# DATA FOR ANALYSIS
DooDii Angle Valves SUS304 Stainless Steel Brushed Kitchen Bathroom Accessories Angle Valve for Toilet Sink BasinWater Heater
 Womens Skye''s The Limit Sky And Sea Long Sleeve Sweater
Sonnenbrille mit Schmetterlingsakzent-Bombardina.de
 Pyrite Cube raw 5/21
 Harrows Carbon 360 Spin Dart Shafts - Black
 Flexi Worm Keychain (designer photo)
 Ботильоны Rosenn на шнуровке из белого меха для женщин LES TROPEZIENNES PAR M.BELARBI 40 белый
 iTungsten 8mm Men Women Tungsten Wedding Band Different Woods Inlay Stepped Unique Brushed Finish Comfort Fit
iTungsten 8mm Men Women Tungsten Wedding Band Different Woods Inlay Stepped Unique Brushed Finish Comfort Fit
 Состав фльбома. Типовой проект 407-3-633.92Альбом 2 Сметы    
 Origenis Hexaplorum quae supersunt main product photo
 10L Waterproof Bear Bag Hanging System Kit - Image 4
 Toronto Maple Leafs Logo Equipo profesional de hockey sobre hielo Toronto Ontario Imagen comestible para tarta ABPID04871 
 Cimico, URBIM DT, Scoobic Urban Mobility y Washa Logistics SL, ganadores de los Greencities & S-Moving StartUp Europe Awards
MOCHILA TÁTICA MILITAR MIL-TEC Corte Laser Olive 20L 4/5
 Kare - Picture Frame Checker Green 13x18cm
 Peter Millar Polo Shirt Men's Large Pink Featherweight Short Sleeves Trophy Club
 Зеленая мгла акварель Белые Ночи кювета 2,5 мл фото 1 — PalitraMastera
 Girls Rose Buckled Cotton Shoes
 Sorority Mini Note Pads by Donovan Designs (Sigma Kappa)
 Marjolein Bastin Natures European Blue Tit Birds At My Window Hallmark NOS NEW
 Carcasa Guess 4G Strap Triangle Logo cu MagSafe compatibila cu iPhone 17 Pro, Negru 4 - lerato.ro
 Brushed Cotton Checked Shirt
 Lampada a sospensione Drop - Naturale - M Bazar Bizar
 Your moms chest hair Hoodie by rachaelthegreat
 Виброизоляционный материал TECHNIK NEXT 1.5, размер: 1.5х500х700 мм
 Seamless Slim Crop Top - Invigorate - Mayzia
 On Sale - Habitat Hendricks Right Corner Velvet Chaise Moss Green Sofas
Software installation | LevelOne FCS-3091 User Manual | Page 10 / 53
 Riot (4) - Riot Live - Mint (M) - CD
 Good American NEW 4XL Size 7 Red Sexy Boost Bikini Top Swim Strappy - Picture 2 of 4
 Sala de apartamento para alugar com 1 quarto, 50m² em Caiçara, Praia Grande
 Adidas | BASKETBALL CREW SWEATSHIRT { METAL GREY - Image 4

# PROBLEM STATEMENT
Of the lines above, copy each one that contains the word "Picture".

# ANSWER TO THIS PROBLEM
 Kare - Picture Frame Checker Green 13x18cm
 Good American NEW 4XL Size 7 Red Sexy Boost Bikini Top Swim Strappy - Picture 2 of 4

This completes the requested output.